**Exercise requirements**
What you submit must be an exact copy of the listing below, with no images in it.
Start of Data below
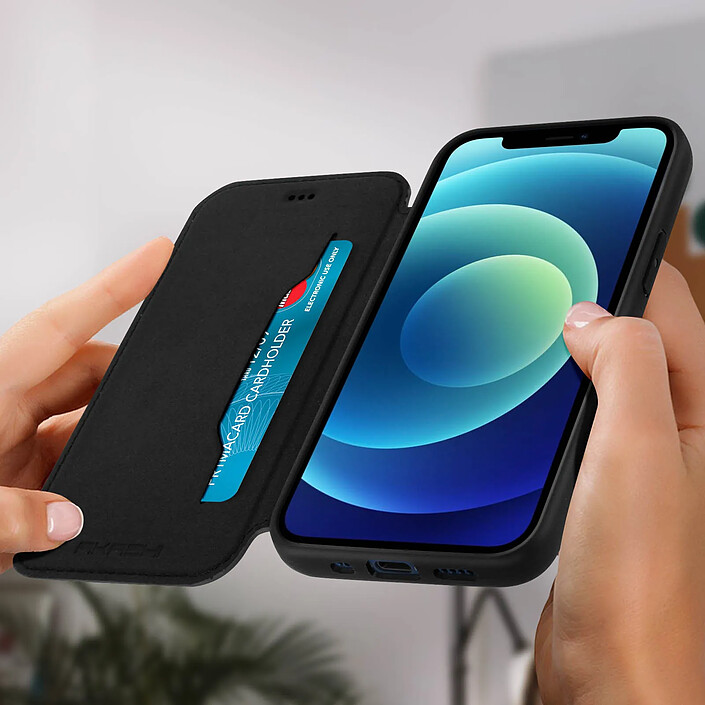Avis akashi Étui iPhone 12 Mini Cuir Porte-carte Fonction Support Vidéo Akashi Noir
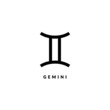 Zodiac gemini line sign. Astrology icon isolated on white background, outline symbol astrological horoscope. Vector illustration of gemini zodiac design editable stroke
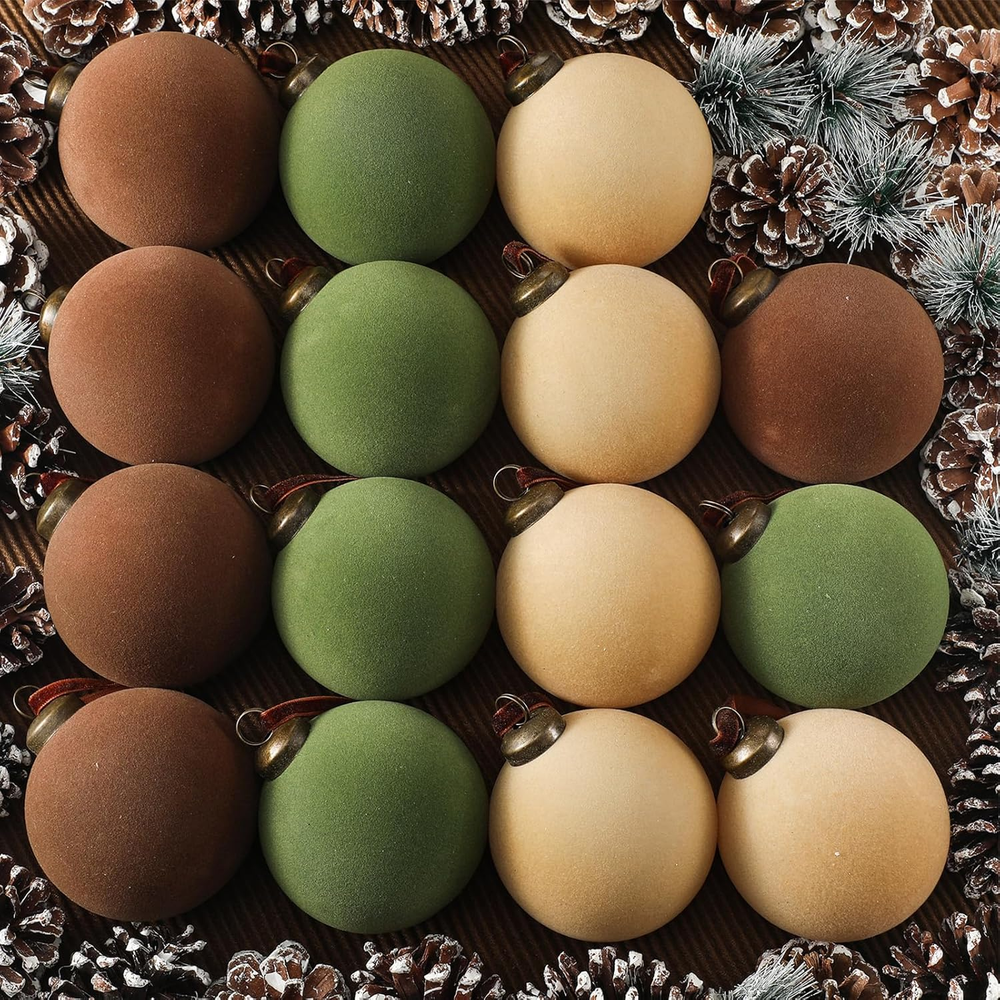 15 Pcs Velvet Christmas Balls Bulk Flocked Christmas Tree Ball Ornaments Plastic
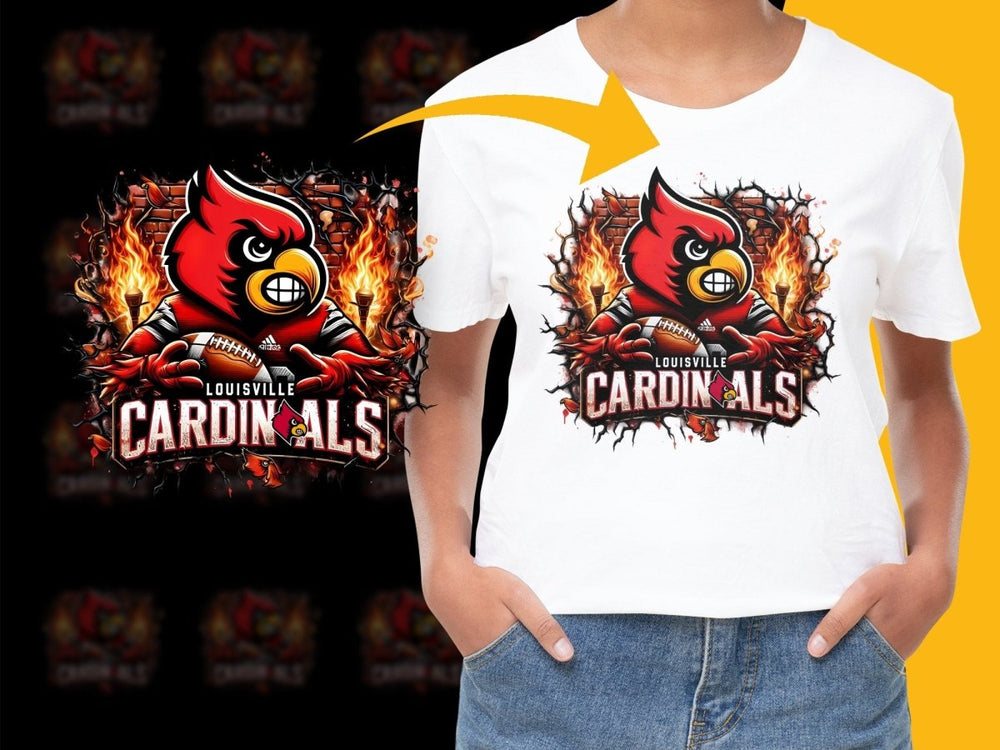 Louisville Cardinals Fiery Mascot Graphic Print PNG File - Teepew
End of Data below
**Solved exercise**
Avis akashi Étui iPhone 12 Mini Cuir Porte-carte Fonction Support Vidéo Akashi Noir
 Zodiac gemini line sign. Astrology icon isolated on white background, outline symbol astrological horoscope. Vector illustration of gemini zodiac design editable stroke
 15 Pcs Velvet Christmas Balls Bulk Flocked Christmas Tree Ball Ornaments Plastic
 Louisville Cardinals Fiery Mascot Graphic Print PNG File - Teepew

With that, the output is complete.